Most of the kids (and plenty of the adults) on the tour aren't too interested in poring over the pictures of the White Horse final, of course; they want to take selfies with the shirts in the dressing rooms and lift a replica of the FA Cup, and they're in luck. The tour takes in everything you'd expect: some rubbernecking at the showers, the walk from the tunnel out to the pitch and a seat in the royal box (though not on the actual royal seats themselves, you filthy pleb). There's even the chance to sit behind the press conference desk and pretend to be Roy Hodgson for a few seconds, which is surely every child's dream.
And so, it works. It's a pleasant two hour stroll around a cavernous, technically impressive, aggressively bland building. That last bit at least makes sense: unlike most of the other football stadiums in the country, Wembley has to be neutral and malleable in its identity, because it has to take in cup games as well as internationals. As such, even the inspirational pictures of England legends past and present that decorate the tunnel during international games are marked, top and bottom, with wear and tear from a rotation of sponsors boards.
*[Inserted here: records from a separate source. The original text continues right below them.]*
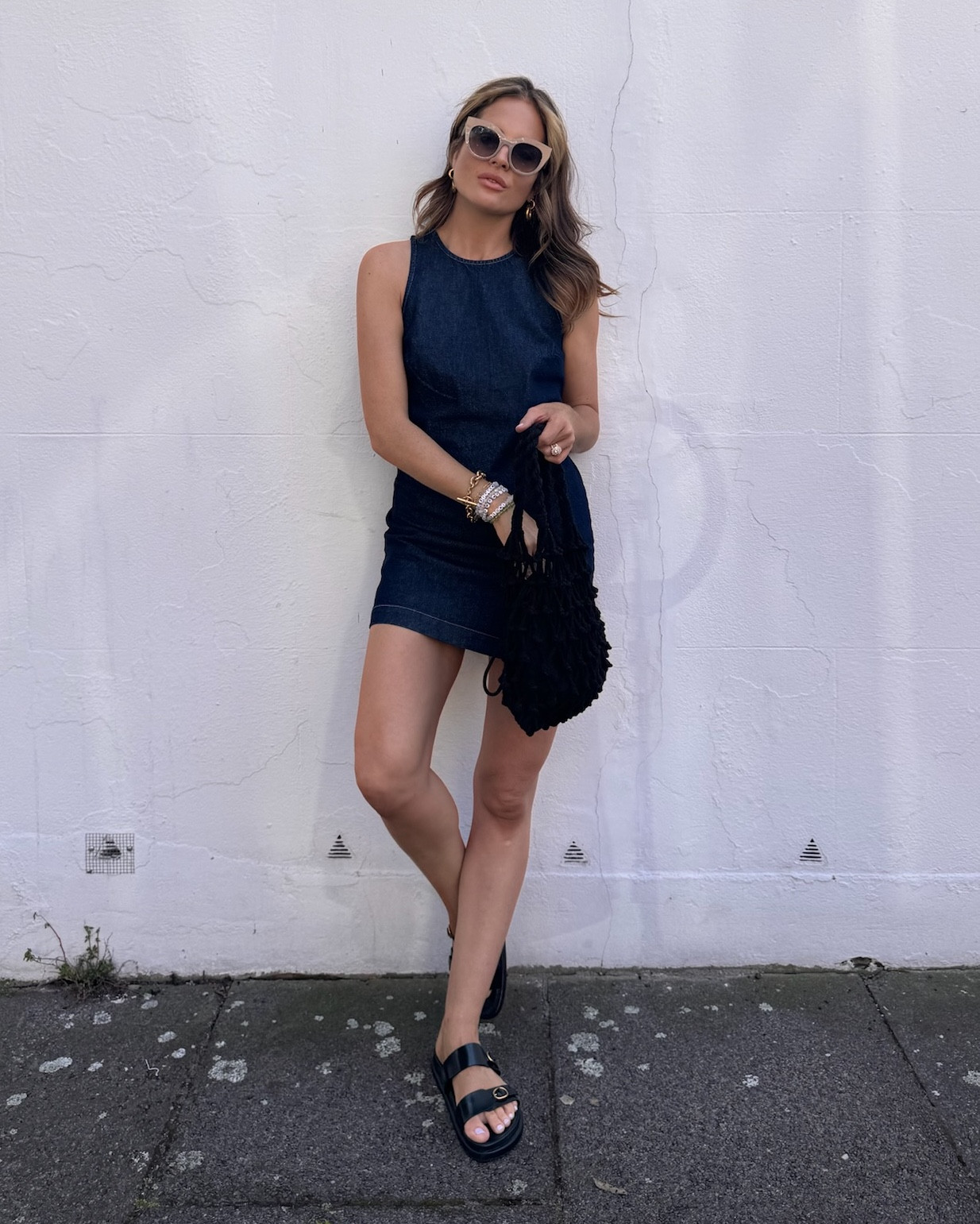 Dark blue denim mini dress | Black crochet bag | Chunky black sandals | Chunky sunglasses 

Summer outfit | Nobody’s Child 

#LTKuk #LTKsummer #LTKeurope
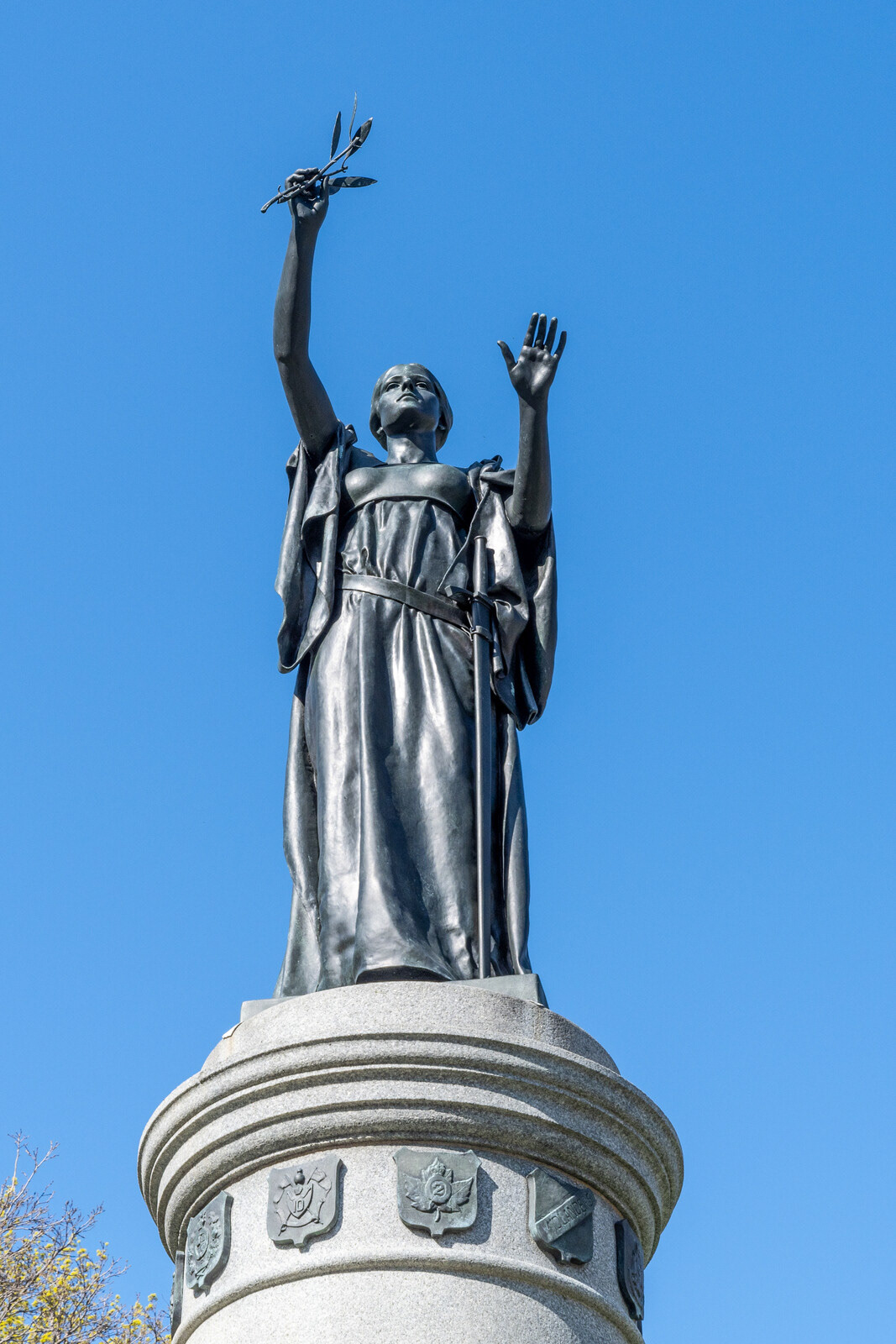 The bronze statue at the North-West Rebellion Monument.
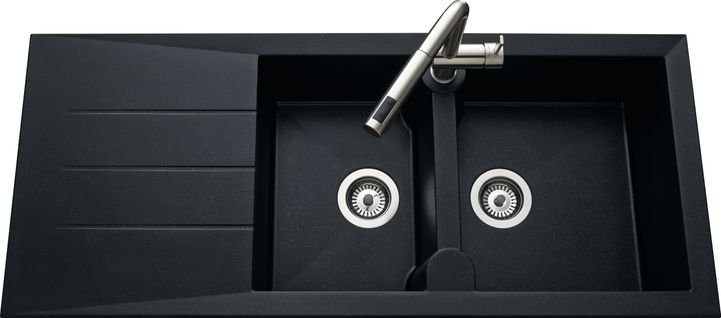 Evier résine 2 bacs SLAM 116 x 50 cm noir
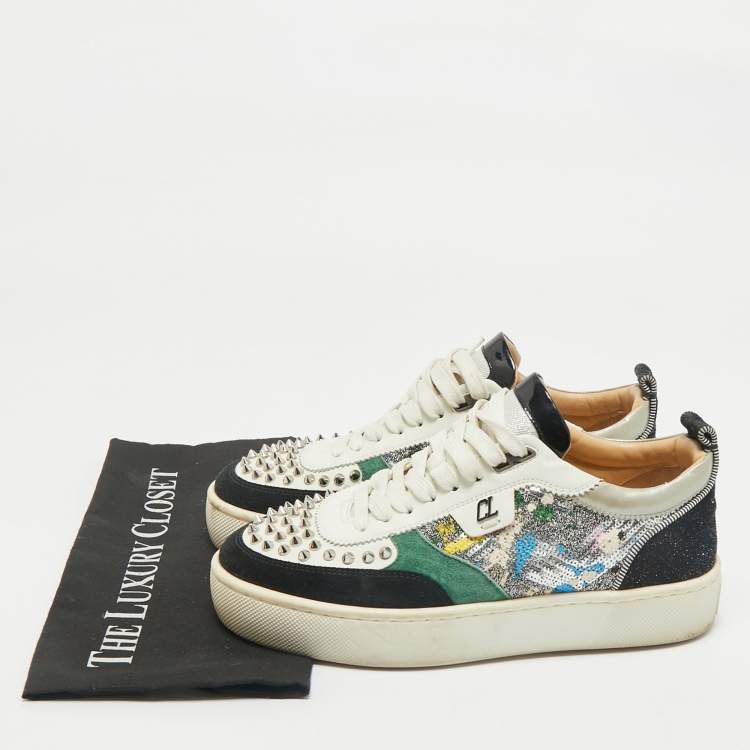 Pre Owned Christian Louboutin Multicolor Leather and Sequin Happyrui Sneakers Size 39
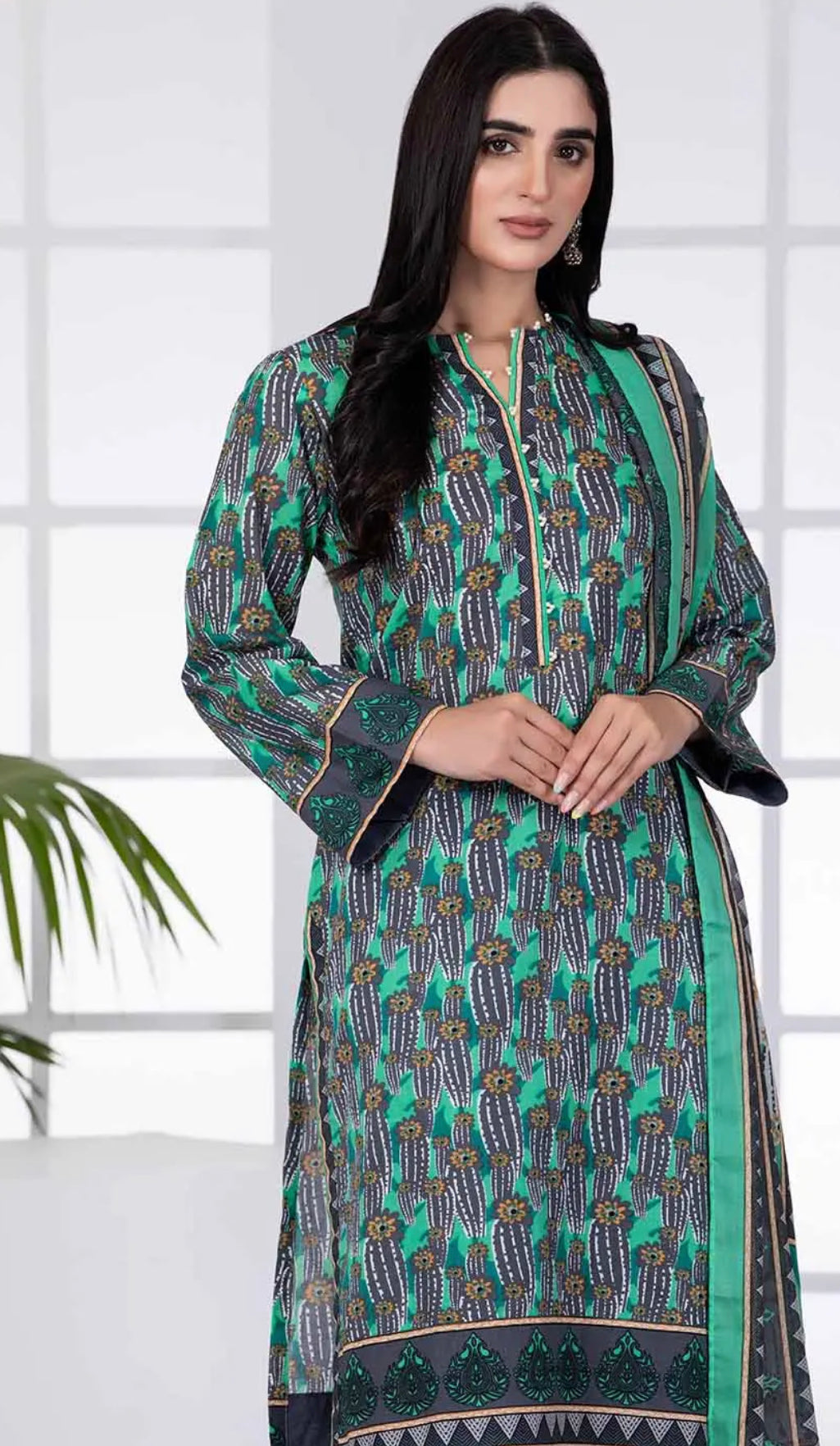 Gul Ahmed 3PC Unstitched Printed Lawn Suit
But that means that when the place is empty, it really feels it. Crammed stadiums can be wonderful places, and busy airports are generally nightmarish, but an empty combination of the two ends up feeling almost uncanny. For all that the arch dominates the Wembley skyline, the stadium below feels very much of a piece with the warehouses that surround it. A building that holds things. Not a building defined by the things that it holds.